Analysis and Solutions: Automatically analyzes errors, identifies causes, and proposes solutions [00:07:05].
Code Generation: Solutions can include generating code fixes and creating tests (e.g., a recursion test for a recursion issue) [00:07:12].
Integration: Offers options to create a Pull Request in GitHub or open a diff in VS Code for editing [00:07:32]. This significantly reduces the time engineers spend manually writing and testing code [00:07:38].
Incident Reduction: Aims to reduce the number of on-call incidents in the first place by proactively addressing issues [00:07:14].

Learnings from Building AI Agents

Datadog has identified several key learnings in the process of building these AI agents [00:07:47]:

Scoping Tasks for Evaluation

It’s easier to build demos than to properly scope and evaluate what’s occurring [00:08:03].

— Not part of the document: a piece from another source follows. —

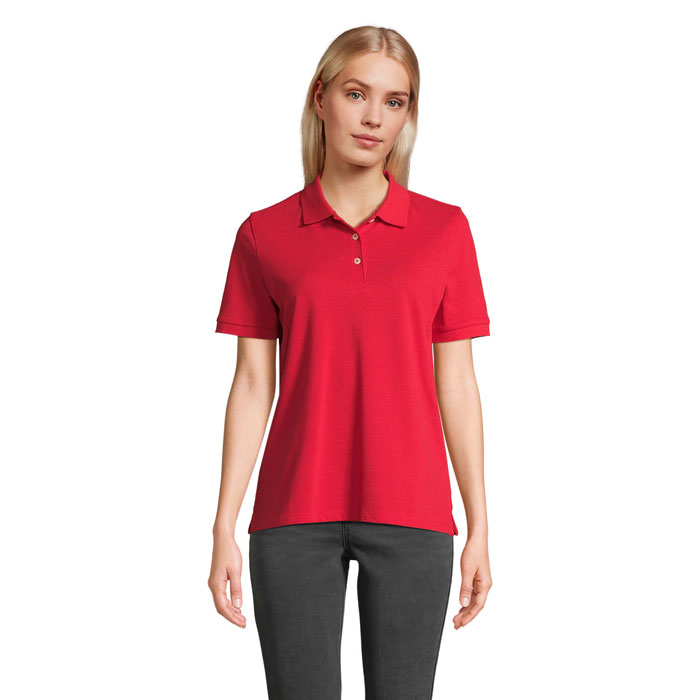 Femme portant un polo rouge sur fond neutre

Define “Jobs to Be Done”: Clearly understand step-by-step what needs to be accomplished, thinking from a human perspective first [00:08:35].
Vertical, Task-Specific Agents: Build specific agents rather than generalized ones [00:08:48].
Measurable and Verifiable: Tasks should be measurable and verifiable at each step, which is a significant challenge for AI agents [00:08:52].
Domain Experts as Verifiers: Use domain experts as design partners or task verifiers, not for writing rules or code, as stochastic models work differently than human experts [00:09:10].
Prioritize Eval: Deeply consider evaluation from the start, using offline, online, and “living” evaluations with end-to-end measurements and proper instrumentation [00:09:31].

Building the Right Team

The right team is crucial for moving fast and dealing with ambiguity [00:09:09].

ML Experts and Optimistic Generalists: Teams should be seeded with one or two ML experts, complemented by optimistic generalists who are good at writing code and willing to quickly try things [00:10:15].
UX Importance: User experience (UX) and front-end development are more important than often perceived, especially for collaboration with agents [00:10:28].
AI-Augmented Teammates: Team members should be excited to be AI augmented themselves, possessing an explorer mindset willing to learn in a rapidly changing field [00:10:38].

Evolving User Experience (UX)

The UX of AI agents is still an early space, and old UX patterns are changing [00:11:18]. Datadog favors agents that act more like human teammates rather than requiring a multitude of new pages or buttons [00:11:28].

Observability Matters

Even with AI agents, observability is critical and should not be an afterthought [00:11:36].

Complex Workflows: AI agent workflows are complex, often involving hundreds of multi-step calls, decisions about tools, and looping [00:12:28].
Situational Awareness: Debugging requires situational awareness, which is provided by tools like Datadog’s “LM observability” view [00:11:44]. This ties together interactions and calls to various AI models (hosted, running, or via API) into a single view [00:12:05].
Agent Graph: Datadog developed an “agent graph” to visualize and debug agent workflows in a human-readable format, making it easier to identify errors [00:12:47].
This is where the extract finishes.